The distinction between severe malaria and uncomplicated malaria has been linked to different levels of two gene-regulating proteins. The proteins GATA3 and T-bet are “transcription factors” which bind to DNA and control the activity of specific genes. These host proteins are known to regulate the production of interleukin-10 (IL-10), an anti-inflammatory protein produced in response to infections. Shashi Baruah and Anusree Mahanta at Tezpur University in India previously found lower levels of IL-10 in severe malaria. They therefore looked for a direct link between GATA3, T-bet and IL-10 in patients with severe malaria and uncomplicated malaria. Their results suggest that the Plasmodium falciparum microorganism that causes malaria actively depresses levels of GATA3 and T-bet in the severe form of the disease. Probing the mechanism of this effect might suggest therapies to reduce the resulting inflammation.

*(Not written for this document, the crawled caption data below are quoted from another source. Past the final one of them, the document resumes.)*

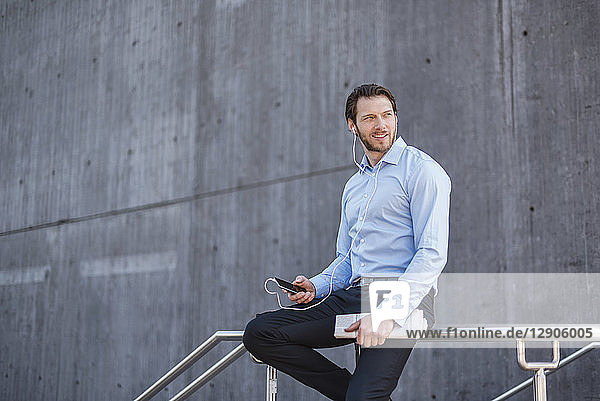 Businessman with smartphone and earbuds sitting on a railing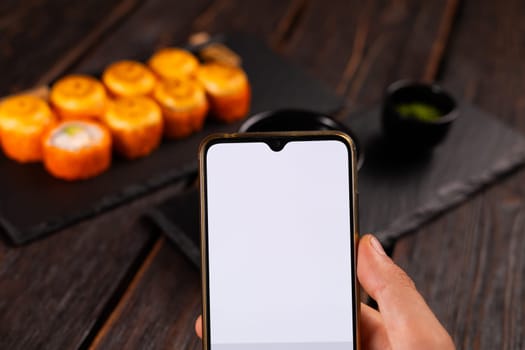 Hands taking picture of sushi japan food with smartphone. Copy space and empty space for advertising.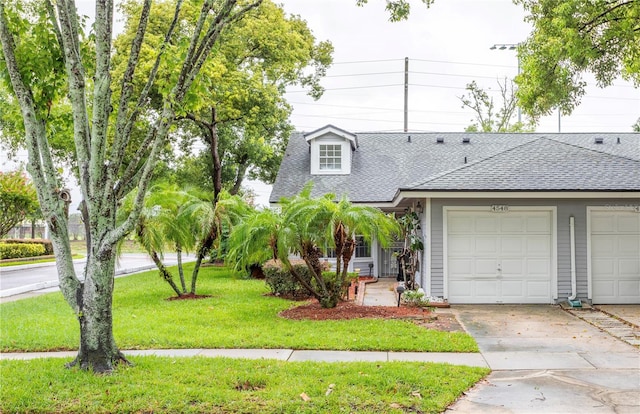 view of front of house with a front yard and a garage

A diverse arsenal of antibodies reveals protein markers for various kinds of immune cells, and hints at yet unidentified cellular subtypes. Immunologists have identified three major subtypes of dendritic cells, which help ‘train’ the body's immune system to recognize both friend and foe. Researchers led by Stella Autenrieth and Hans-Jörg Bühring of the University Clinic of Tübingen, Germany, have tested a collection of antibodies against diverse cell surface proteins in order to identify which proteins are found on the different dendritic cell subtypes. Their results were generally consistent with prior findings, although the quality of the individual antibodies varied. They also identified at least one marker for which the dendritic cell expression pattern was notably different than expected. Interestingly, three antibodies also generated highly variable labeling patterns within individual dendritic cell subtypes, indicating that these categories may conceal unexpected heterogeneity.

Antibodies against modified proteins appear to play a role in rheumatoid arthritis, an autoimmune disease. Citrullinated proteins, in which the amino acid arginine is converted into citrulline, occur in most joints affected by rheumatoid arthritis. Antibodies against these proteins are also found in the joints, but it is not known if these antibodies are a cause or a result of the disease. To clarify this issue, Ji Hyeon Ju and co-workers at the Catholic University of Korea generated a synthetic antibody against citrullinated proteins and injected it into a mouse model of rheumatoid arthritis. While probably unable to induce arthritis on its own, the antibody was able to exacerbate the pre-existing arthritis in the mice. Therapies that interfere with the antibodies directed against citrullinated proteins might offer a promising new approach to managing rheumatoid arthritis.